- _WORK REQUIRED_
Nothing should appear in the answer except the lines below from the line containing "2013 Honda Fit" through the line containing "Gavi firma su", copied exactly, with pictures left out.

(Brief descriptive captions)

▽

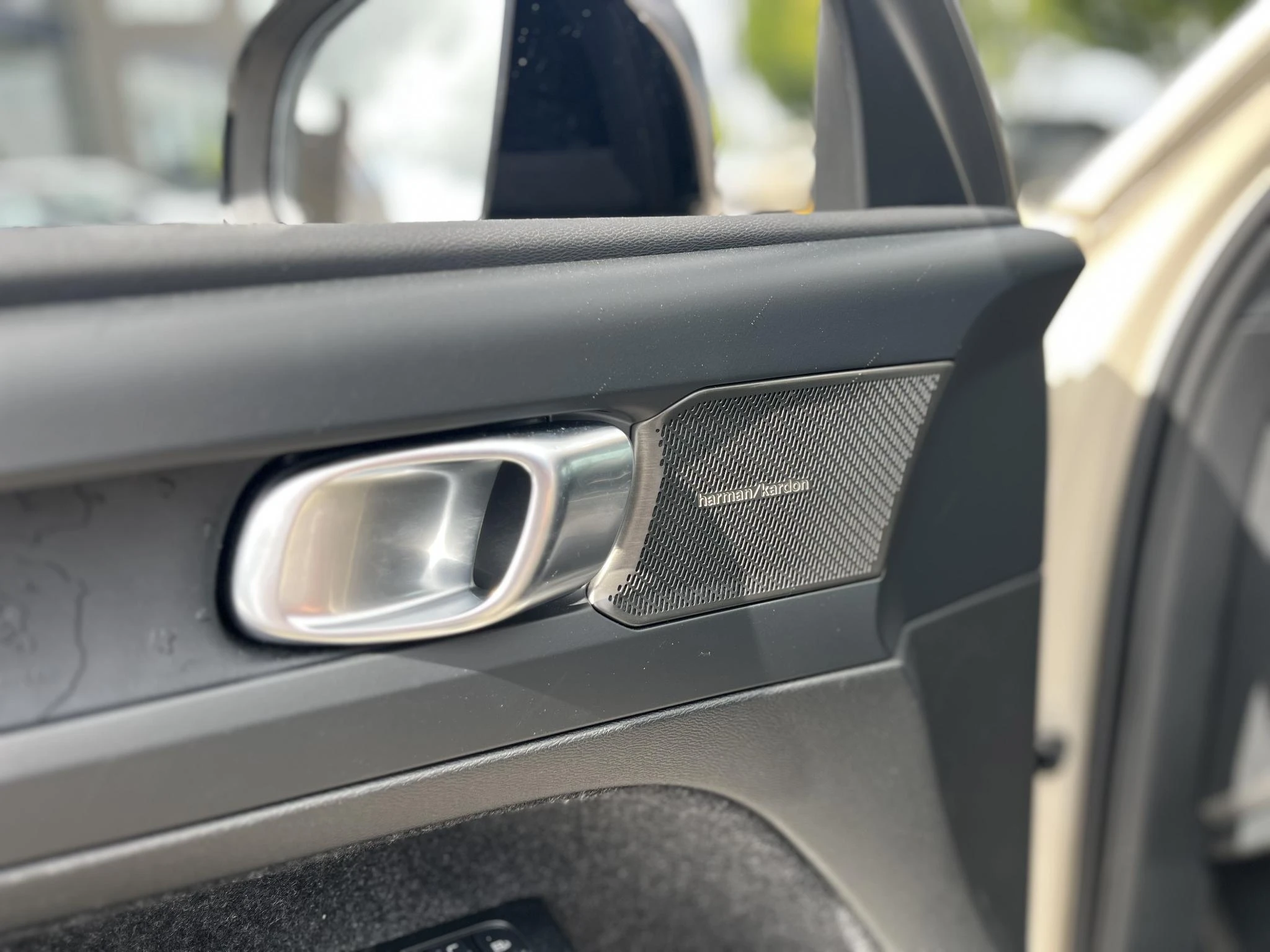 Volvo-EX40-image-5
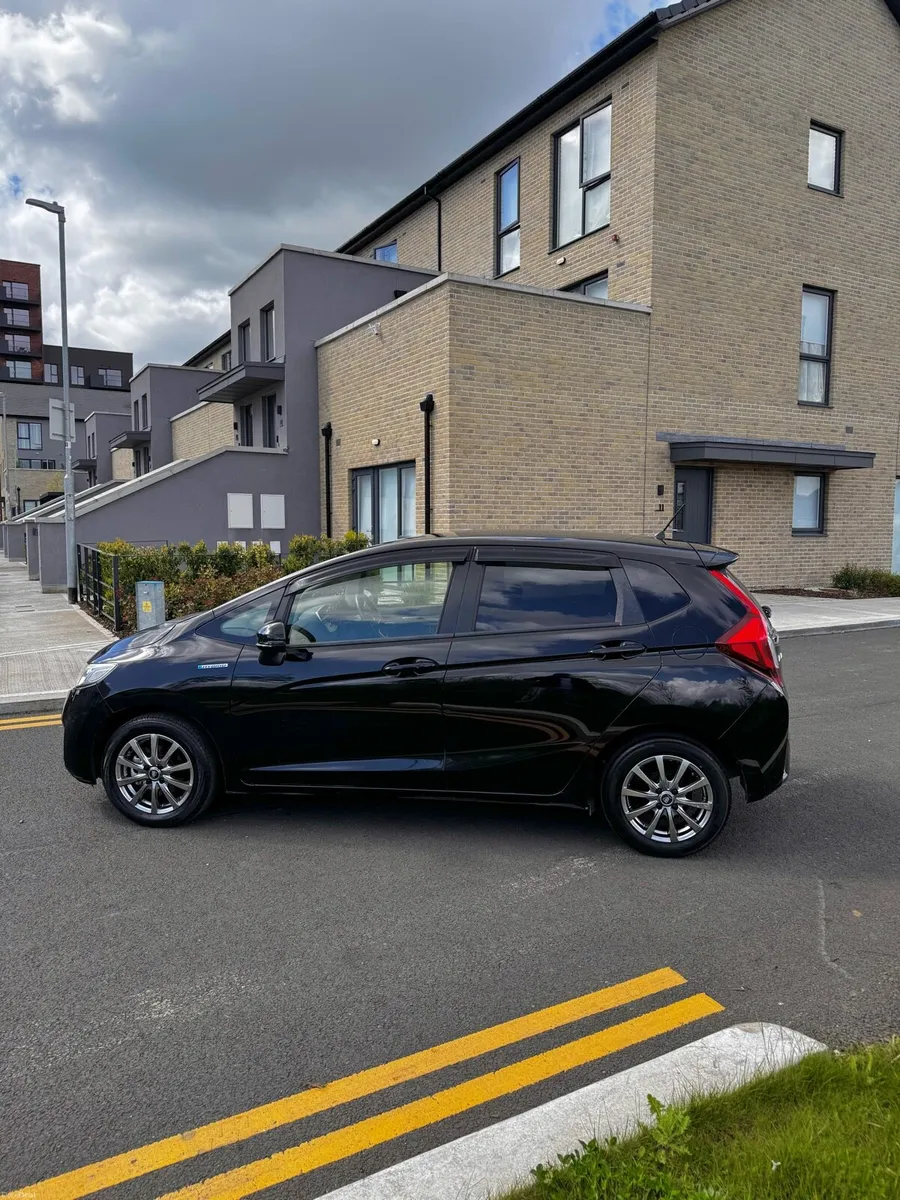 2013 Honda Fit Hybrid 1.5l Petrol Auto / NCT 04/27 - Image 2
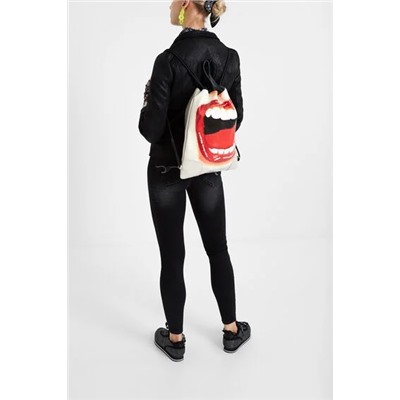 Mochila cordones labios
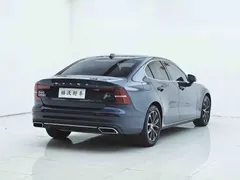 2022 Volvo S60 B4 Luxury, синий — фото 6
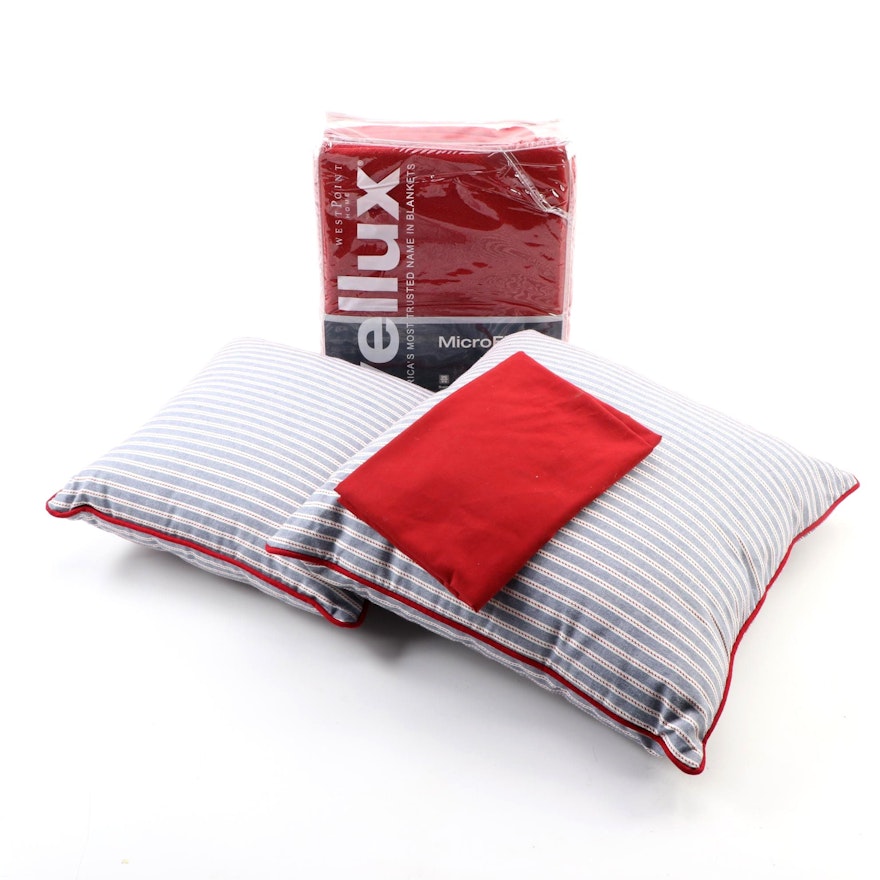 Vellux Microfleece Full/Queen Blanket and Bagolitas Boutique Pillows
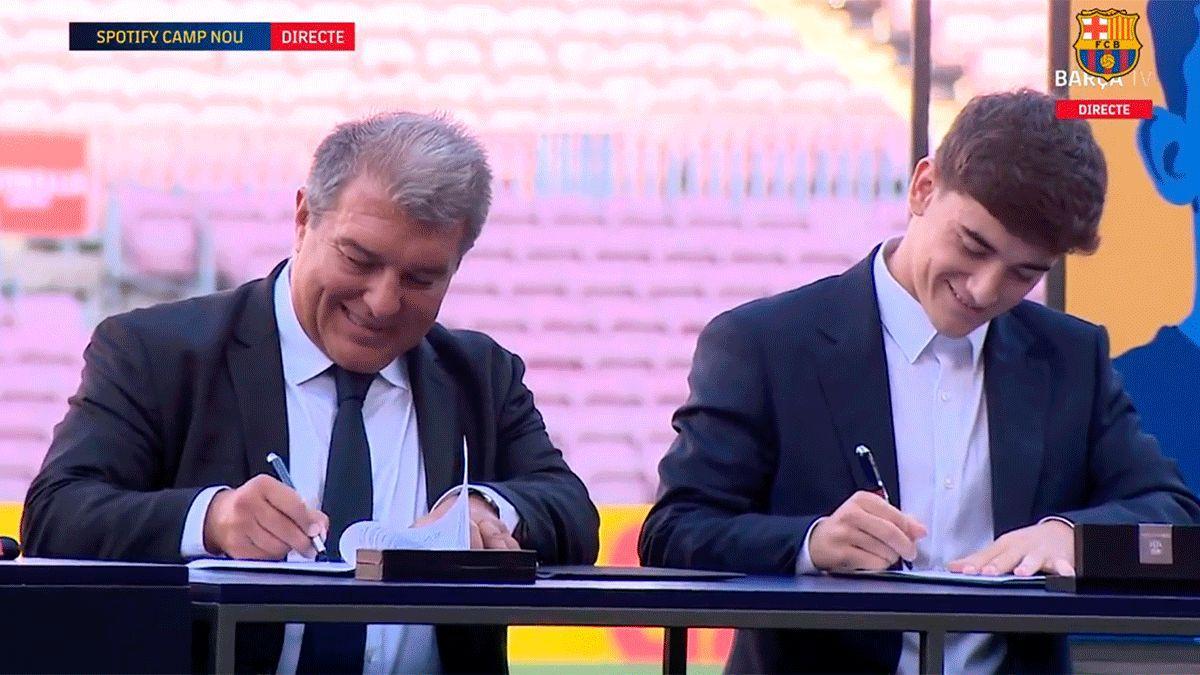 Gavi firma su renovación junto a Joan Laporta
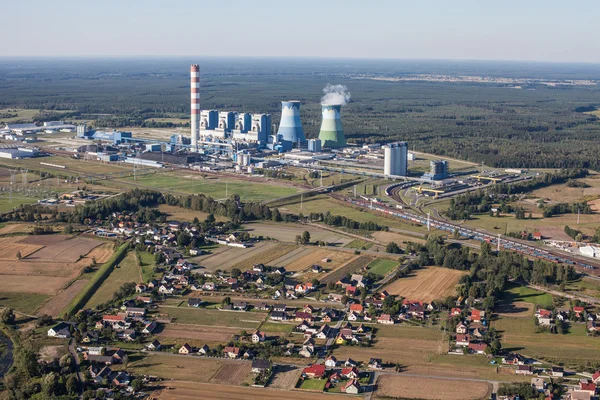 Vista aérea de la central eléctrica de la ciudad de Opole — Foto de Stock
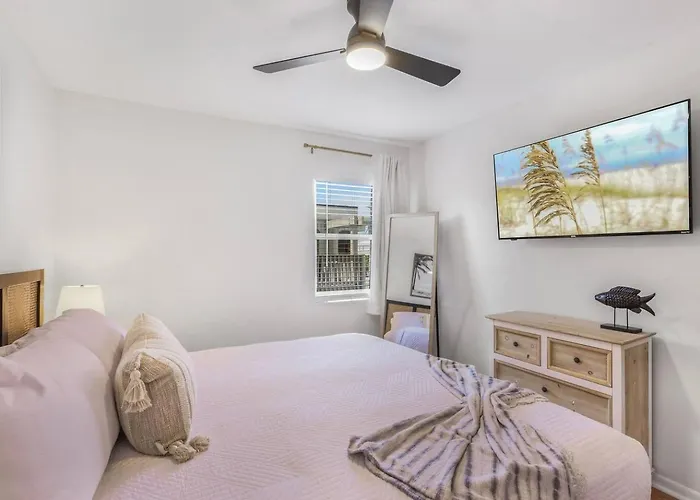 Apartment Beachfront Retreat, Private Access, Pool - With View And Balcony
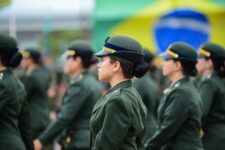 mulheres-podem-se-alistar-ao-servico-militar-em-2025;-confira-como-se-inscrever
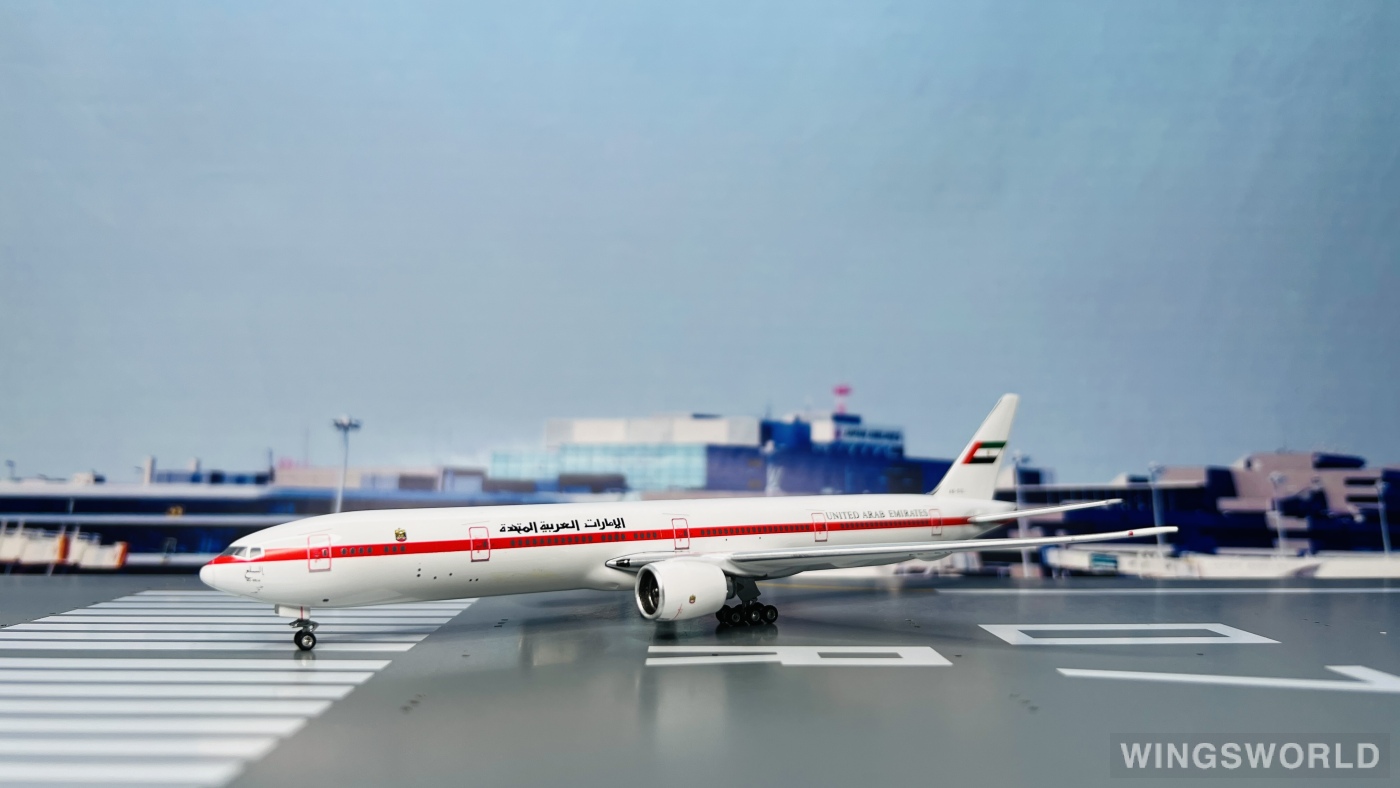 Phoenix 1:400 PH10464 Presidential Flight Boeing 777-300ER A6-SIL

△

- _ANSWER TO THE EXERCISE_
 2013 Honda Fit Hybrid 1.5l Petrol Auto / NCT 04/27 - Image 2
 Mochila cordones labios
 2022 Volvo S60 B4 Luxury, синий — фото 6
 Vellux Microfleece Full/Queen Blanket and Bagolitas Boutique Pillows
 Gavi firma su renovación junto a Joan Laporta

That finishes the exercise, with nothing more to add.